The newest releases from one of Italy’s best-loved regions are nearly upon us so many are beginning to wonder what kind of vintage we have on our hands with Brunello 2014. There are a number of mixed feelings around so far with the biggest headline aguably coming from regional heavy-weight Biondi-Santi announcing that they will not be bottling a 2014 Brunello di Montalcino (likely to the benefit of the Rosso di Montalcino!).
However this year as in any other challenging vintage in any given region around the world, the key is adaptation and management. Sometimes you just get unlucky and things don’t turn out as you hope, which may well have been the case at Biondi-Santi, but from what we have read and tasted, it’s not all bad news.
“Sometimes you just get unlucky and things don’t turn out as you hope... but from what we have read and tasted, it’s not all bad news. ”

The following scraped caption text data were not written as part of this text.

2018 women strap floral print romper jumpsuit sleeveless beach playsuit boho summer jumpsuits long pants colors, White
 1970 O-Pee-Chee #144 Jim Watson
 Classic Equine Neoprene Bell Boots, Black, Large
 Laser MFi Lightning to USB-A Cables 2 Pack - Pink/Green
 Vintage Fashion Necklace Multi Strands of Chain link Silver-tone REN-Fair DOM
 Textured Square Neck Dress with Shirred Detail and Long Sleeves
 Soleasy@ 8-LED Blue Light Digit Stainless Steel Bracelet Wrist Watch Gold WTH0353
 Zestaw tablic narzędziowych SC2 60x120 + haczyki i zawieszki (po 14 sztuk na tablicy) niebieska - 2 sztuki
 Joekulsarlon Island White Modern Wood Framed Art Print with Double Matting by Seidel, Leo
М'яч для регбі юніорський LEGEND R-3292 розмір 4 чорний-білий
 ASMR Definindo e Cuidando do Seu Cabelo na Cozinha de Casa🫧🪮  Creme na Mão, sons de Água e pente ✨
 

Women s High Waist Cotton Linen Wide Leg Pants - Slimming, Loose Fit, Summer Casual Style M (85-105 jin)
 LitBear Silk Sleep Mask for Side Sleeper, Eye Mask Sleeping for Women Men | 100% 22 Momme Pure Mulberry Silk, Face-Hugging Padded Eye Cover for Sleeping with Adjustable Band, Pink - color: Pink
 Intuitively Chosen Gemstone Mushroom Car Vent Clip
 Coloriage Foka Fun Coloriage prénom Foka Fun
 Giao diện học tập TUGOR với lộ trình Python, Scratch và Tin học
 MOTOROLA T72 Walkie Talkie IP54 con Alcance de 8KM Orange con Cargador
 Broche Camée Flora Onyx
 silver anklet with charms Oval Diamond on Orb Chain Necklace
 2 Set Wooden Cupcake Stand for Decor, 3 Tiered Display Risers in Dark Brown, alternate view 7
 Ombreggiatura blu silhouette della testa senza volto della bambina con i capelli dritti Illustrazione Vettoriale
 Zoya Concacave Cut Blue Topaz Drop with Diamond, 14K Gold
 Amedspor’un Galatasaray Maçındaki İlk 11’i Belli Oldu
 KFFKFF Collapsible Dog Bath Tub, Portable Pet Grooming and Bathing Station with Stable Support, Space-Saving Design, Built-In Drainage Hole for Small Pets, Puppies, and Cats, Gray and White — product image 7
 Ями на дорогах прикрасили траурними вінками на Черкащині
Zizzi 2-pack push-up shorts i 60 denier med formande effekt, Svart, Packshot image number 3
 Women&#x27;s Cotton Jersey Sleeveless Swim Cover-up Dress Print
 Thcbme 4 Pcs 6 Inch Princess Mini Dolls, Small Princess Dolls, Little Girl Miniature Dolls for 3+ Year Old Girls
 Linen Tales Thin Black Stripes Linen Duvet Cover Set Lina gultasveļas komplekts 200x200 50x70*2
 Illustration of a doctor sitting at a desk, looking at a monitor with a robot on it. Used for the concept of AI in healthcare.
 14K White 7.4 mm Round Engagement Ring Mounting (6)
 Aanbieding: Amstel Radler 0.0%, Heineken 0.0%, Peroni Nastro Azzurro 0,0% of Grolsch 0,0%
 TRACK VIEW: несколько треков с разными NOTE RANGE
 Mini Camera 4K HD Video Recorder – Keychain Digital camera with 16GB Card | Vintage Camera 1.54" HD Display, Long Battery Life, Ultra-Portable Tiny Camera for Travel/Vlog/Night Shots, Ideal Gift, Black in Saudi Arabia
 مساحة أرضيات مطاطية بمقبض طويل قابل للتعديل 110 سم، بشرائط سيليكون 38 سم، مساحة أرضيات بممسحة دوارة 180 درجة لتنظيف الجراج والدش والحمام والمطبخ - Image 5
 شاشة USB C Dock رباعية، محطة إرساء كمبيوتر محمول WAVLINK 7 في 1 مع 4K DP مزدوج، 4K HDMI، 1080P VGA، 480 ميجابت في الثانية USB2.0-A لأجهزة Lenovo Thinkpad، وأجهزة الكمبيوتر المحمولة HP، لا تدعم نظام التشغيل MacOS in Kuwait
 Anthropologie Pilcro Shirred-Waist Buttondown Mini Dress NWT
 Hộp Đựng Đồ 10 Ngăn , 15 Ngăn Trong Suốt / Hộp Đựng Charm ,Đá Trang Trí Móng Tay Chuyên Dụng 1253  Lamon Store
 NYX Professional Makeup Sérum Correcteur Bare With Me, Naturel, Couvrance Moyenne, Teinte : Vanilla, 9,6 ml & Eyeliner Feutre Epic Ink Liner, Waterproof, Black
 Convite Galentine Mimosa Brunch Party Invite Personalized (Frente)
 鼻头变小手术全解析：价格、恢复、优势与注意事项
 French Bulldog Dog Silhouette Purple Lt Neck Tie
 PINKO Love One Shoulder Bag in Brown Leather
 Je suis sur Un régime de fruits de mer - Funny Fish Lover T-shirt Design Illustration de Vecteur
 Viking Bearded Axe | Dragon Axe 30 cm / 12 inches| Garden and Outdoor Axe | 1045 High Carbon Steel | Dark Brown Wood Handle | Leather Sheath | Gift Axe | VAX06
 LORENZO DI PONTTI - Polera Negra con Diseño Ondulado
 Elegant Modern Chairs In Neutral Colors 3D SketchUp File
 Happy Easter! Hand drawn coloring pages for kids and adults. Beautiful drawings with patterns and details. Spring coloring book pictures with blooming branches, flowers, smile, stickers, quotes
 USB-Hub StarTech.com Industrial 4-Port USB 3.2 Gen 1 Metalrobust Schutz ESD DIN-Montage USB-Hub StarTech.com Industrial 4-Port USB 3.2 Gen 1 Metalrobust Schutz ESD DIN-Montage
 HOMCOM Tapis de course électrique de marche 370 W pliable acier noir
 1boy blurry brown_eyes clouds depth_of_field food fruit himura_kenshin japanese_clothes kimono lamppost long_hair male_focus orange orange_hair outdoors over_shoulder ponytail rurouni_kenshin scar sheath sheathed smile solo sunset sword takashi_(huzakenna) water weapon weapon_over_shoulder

According to Jancis Robinson the vintage started off well enough with “early budbreak and quick and generous fruit set,” things hit a rough patch with cooling temperatures and frequent hailstorms. Fortunately the weather turned in favour of those who weren’t already devestated and fine conditions through late summer and early autumn actually made for a healthy harvest.
From our own experience we have found those wines we have tasted to be a touch more delicate and refined in character than most vintages of Brunello. There’s almost a Burgundian/Pinoté character to the wines that we find quite captivating and expect that while they’ll be drinking relatively early they will be thoroughly enjoyable for their balance and beautifully pitched aromatics. Structurally they’re quite soft with generous red fruit profiles.
For lovers of Brunello this is a change of style from 2013 but one well-worth buying as it will represent an almost unique, thought still high-quality vintage in the canon of this most iconic appellation of Tuscany.